Hello - I am a newbie and hope that I am posting in the right forum.

Requesting your thoughts please. Who would you rather see perform live Rachmaninov's 2nd Piano Concerto.

I have a chance to see either of the following in October. Of course, the venue, orchestra and conductor would have an influence on the decision too - so have also included those. Your comments would be most welcome. Thank you.

wr

Option 1 - at the Salle Pleyel, Paris
Rachmaninov, The Rock, Op.7
Rachmaninov, Symphonic Dances for orchestra, Op.45
Rachmaninov, Piano Concerto no. 2 in C minor, Op.18

Orchestre de Paris
Paavo Järvi, Conductor
Jorge Luis Prats, Piano
*******************************
Option 2 - at the Royal Festival Hall, London
Shostakovich, Festive Overture in A major for orchestra, Op.96
Rachmaninov, Piano Concerto no. 2 in C minor, Op.18
Prokofiev, Symphony no. 5 in B flat major, Op.100 

Kirill Karabits, Conductor
Barry Douglas, Piano
Royal Philharmonic Orchestra


----------



## SteinwayModelD

I guess Barry Douglas's reputation is slightly higher than Jorge Luis Prats, but similar to Van Cliburn, Douglas is a mere shadow of his former competition-winner self, I have heard his Rachmaninoff 3rd live, and it was one of the weakest and most unconvincing performance I have heard yet (it was even worse than the masterclass videos he had with the late great Jorge Bolet of the aforementioned concerto.)

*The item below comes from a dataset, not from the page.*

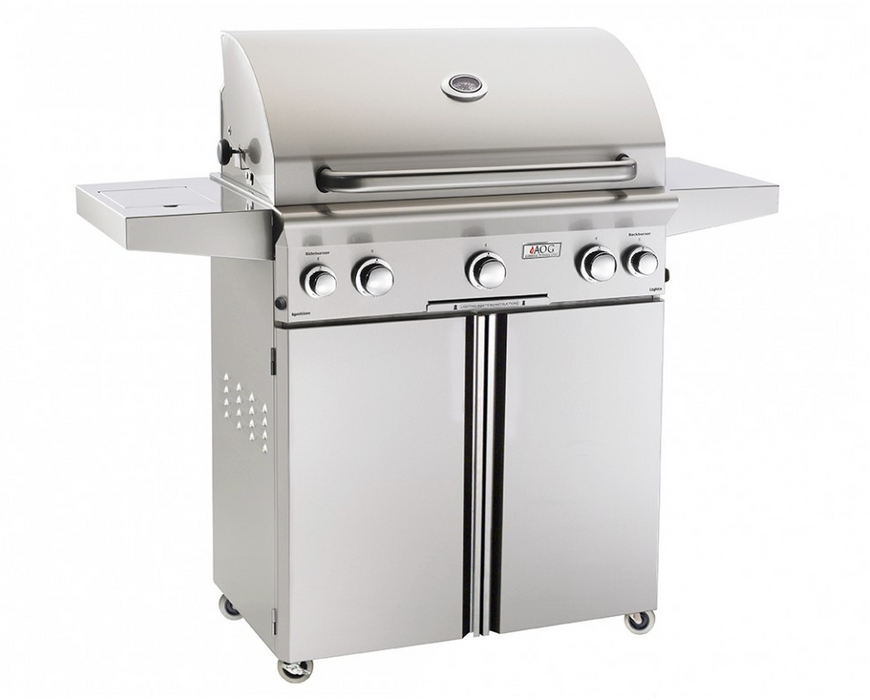 AOG 30" portable grill w/halogen interior lights BBQ GRILL CG Products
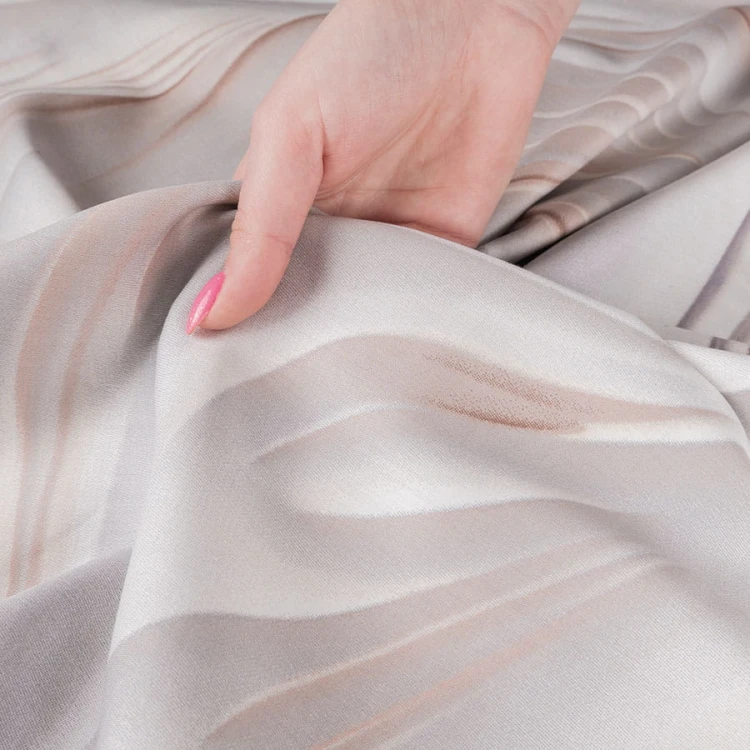 CALM Komplet pościeli z bawełny satynowej 220x200cm 100055/SAT/000/220200/1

I will definitely go with Jorge Luis Prats, very solid performance, one of the lesser known great pianist we have, there. But then it was a bit Rachmainoff-heavy program. Also JLP recorded the Rach 2nd, so if you need some reference you can get the recording and see if you like his style.

I would say go with JLP, and save your money on BD. But then I am judging it solely based on the piano concerto. 

Also, Paavo Järvi rules, seeing him conduct Rachmaninov would be a dream.


----------